Task for the records below: repeat the line containing "1039 Belfast Rd, Knox, ME" and every line after it, exactly and with nothing else, but leave out the pictures.

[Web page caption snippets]
· · · · ·

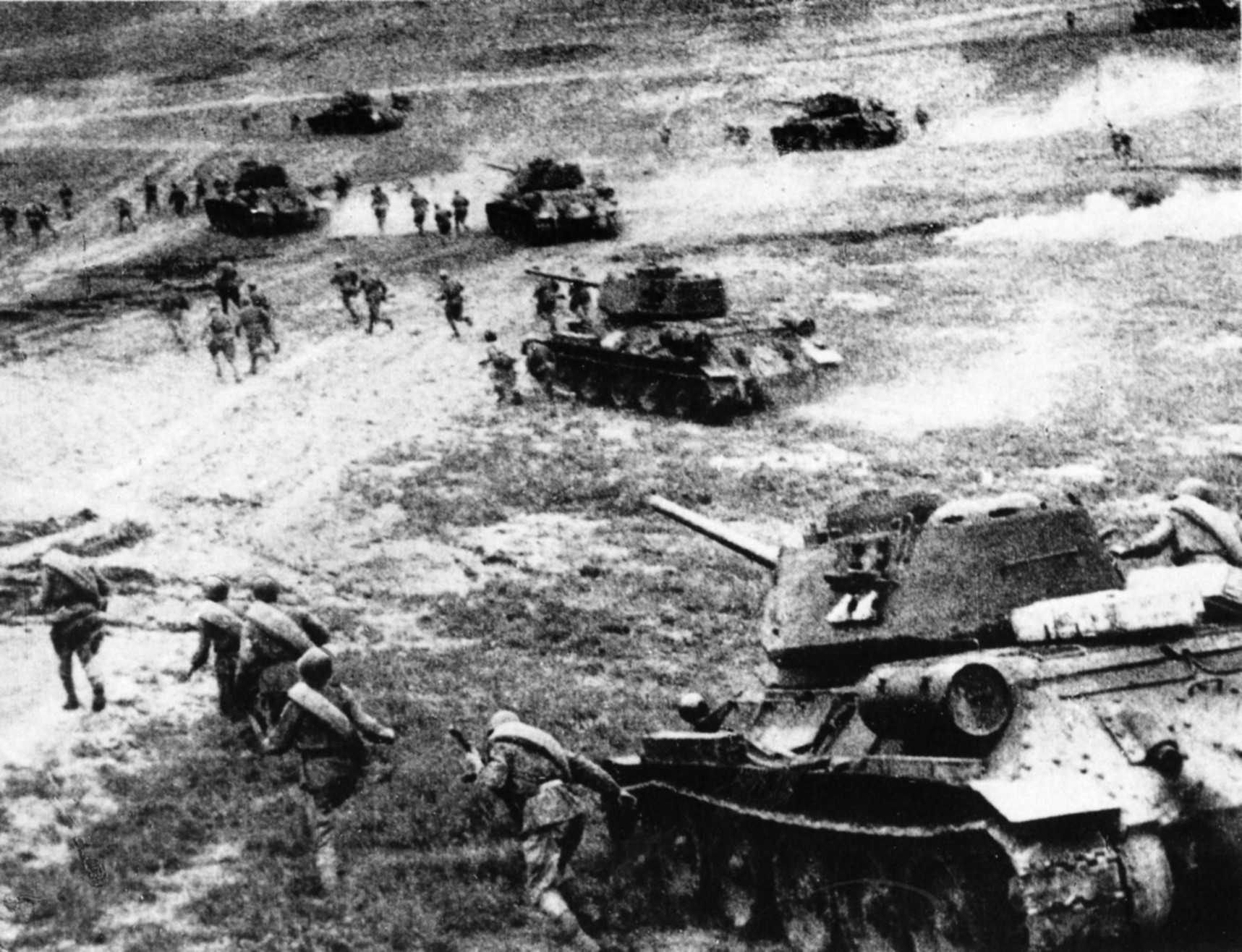Soviet T-34 tanks, supported by thousands of Red Army soldiers, advance rapidly during a counter-attack at Kursk. The resurgent Soviet military managed to contain the German offensive and later undertake its drive on Berlin.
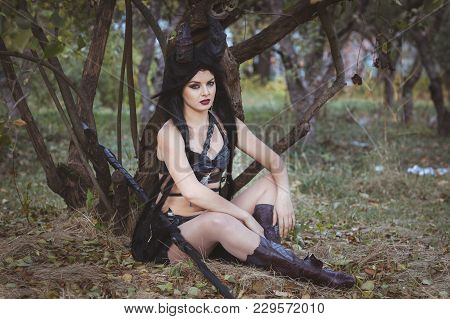 Beautiful Brunette Girl In A Suit With Horns Sitting Under A Tree.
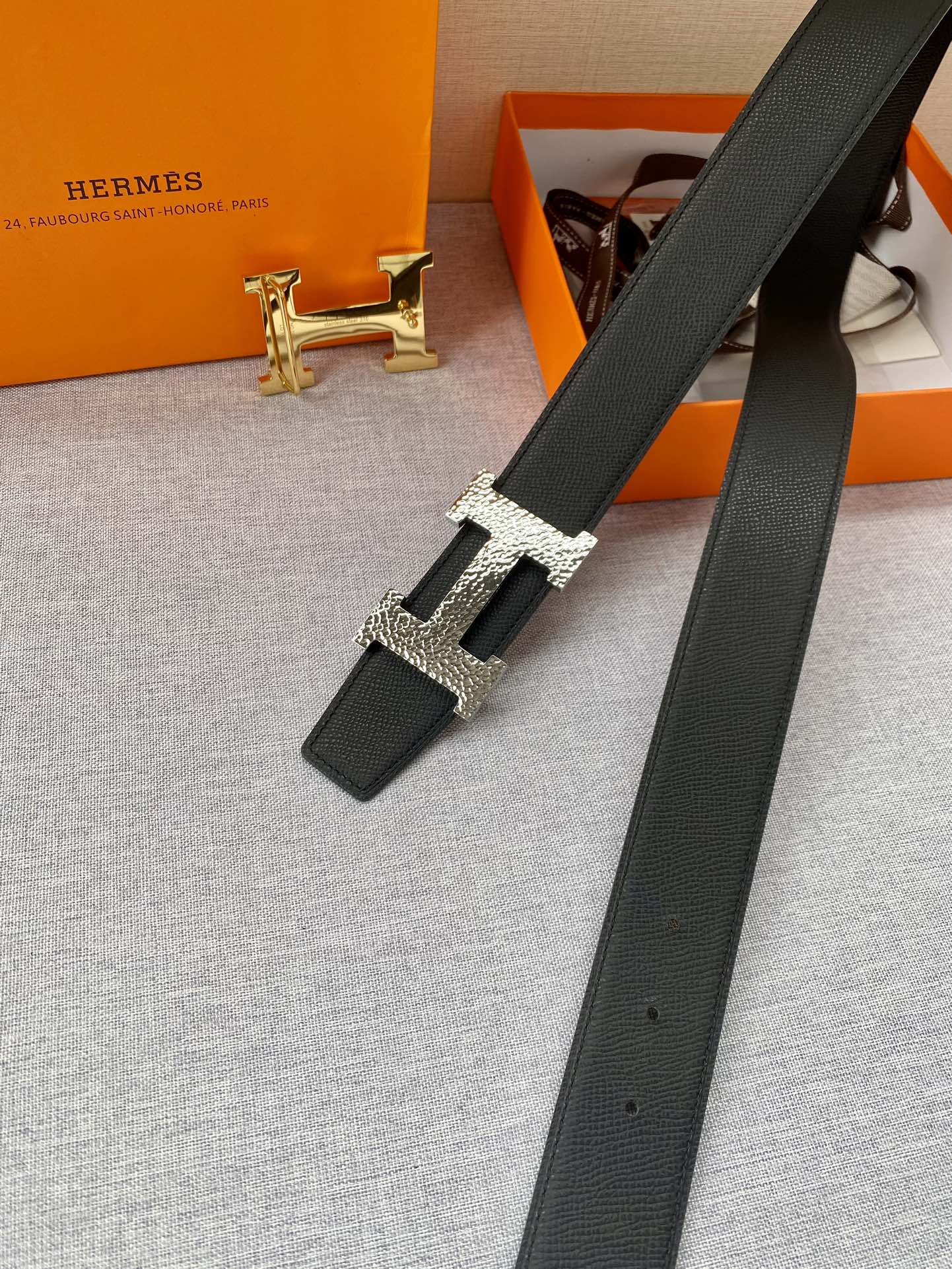 Black leather belt with gold H buckle and long strap, laid diagonally on fabric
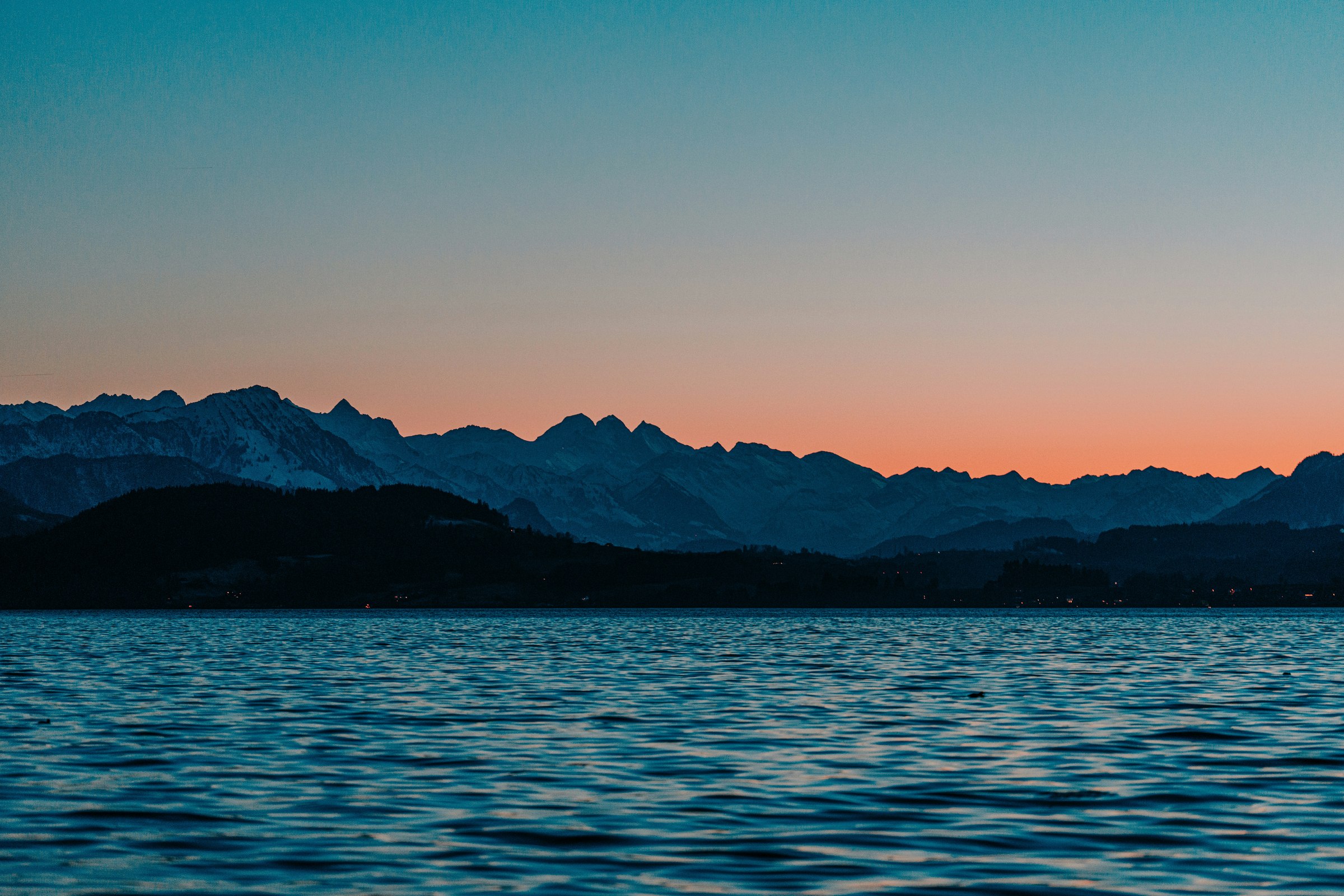 A deep blue Swiss lake at dusk below a dark mountain range and a band of orange sky
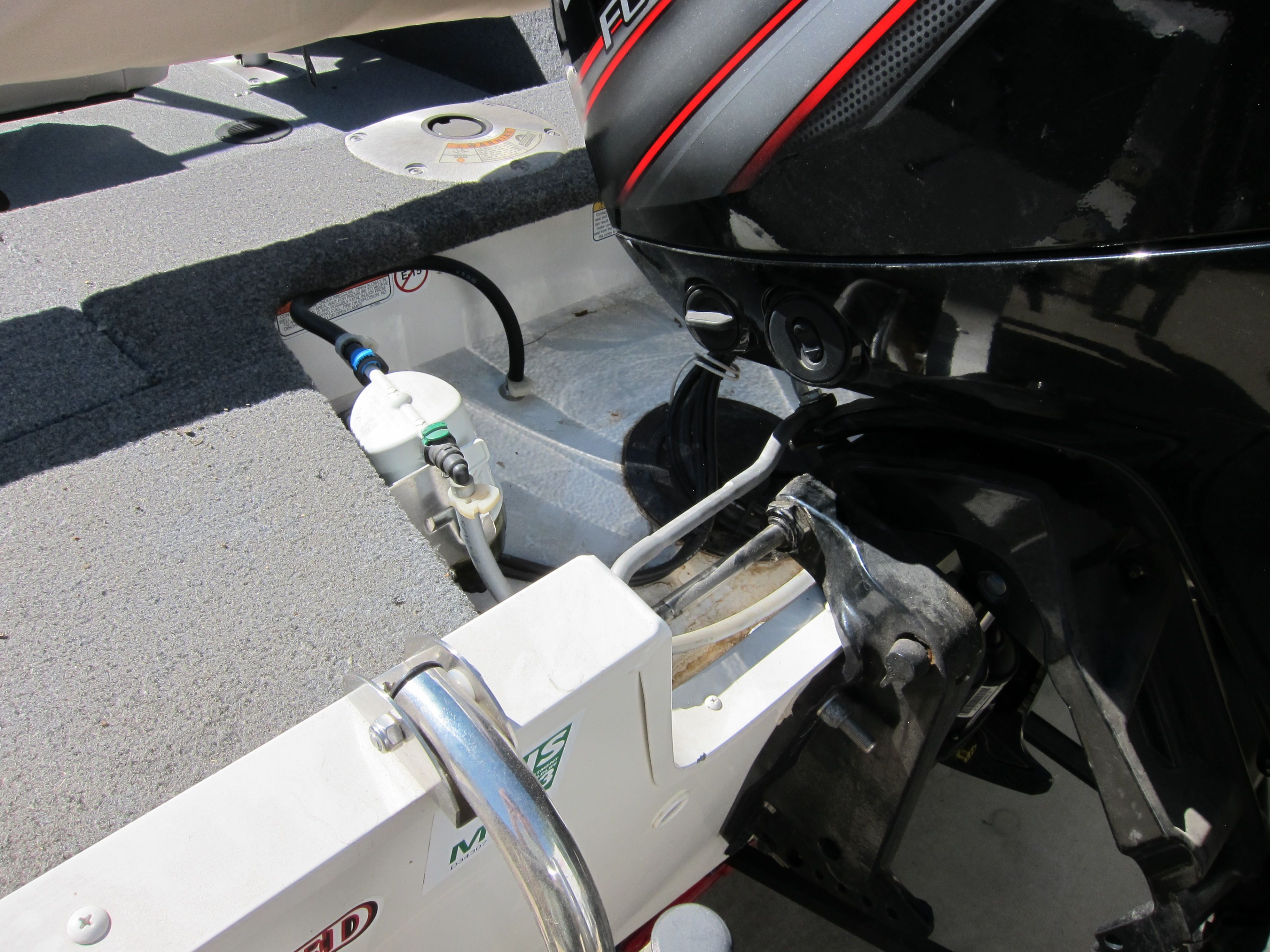 Close-up of the engine area of a 2018 Tracker Pro Guide V-16 WT boat.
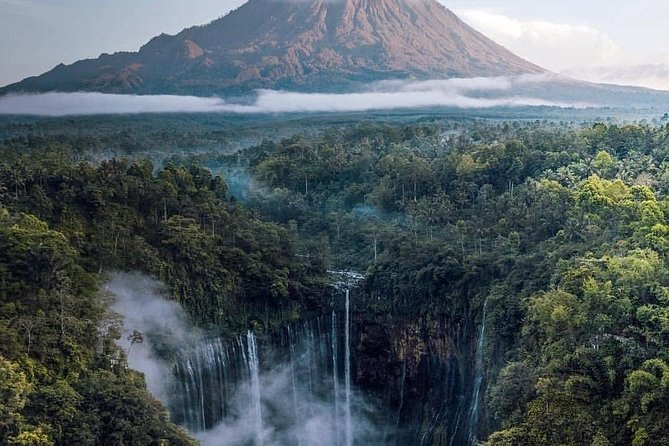 The curtain of falls at Tumpak Sewu dropping into its green amphitheatre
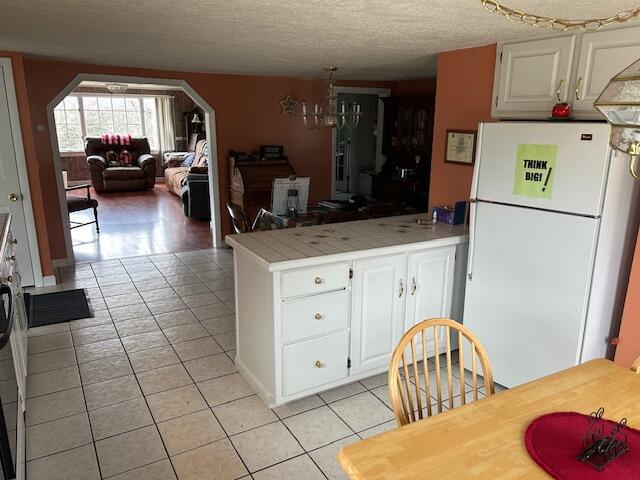 1039 Belfast Rd, Knox, ME 04986 - kitchen with freestanding refrigerator, a peninsula, light tile patterned flooring, white cabinetry, and light countertops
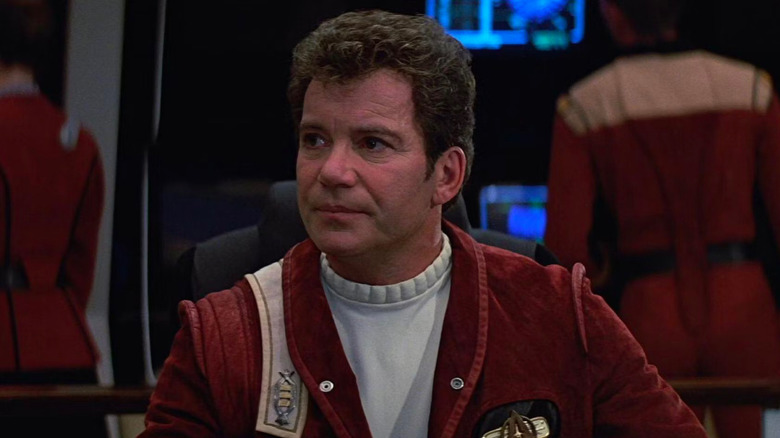 A dissatisfied Jim Kirk (William Shatner) sits in the captain's chair in Star Trek V: The Final Frontier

· · · · ·

- Exercise answer
 1039 Belfast Rd, Knox, ME 04986 - kitchen with freestanding refrigerator, a peninsula, light tile patterned flooring, white cabinetry, and light countertops
 A dissatisfied Jim Kirk (William Shatner) sits in the captain's chair in Star Trek V: The Final Frontier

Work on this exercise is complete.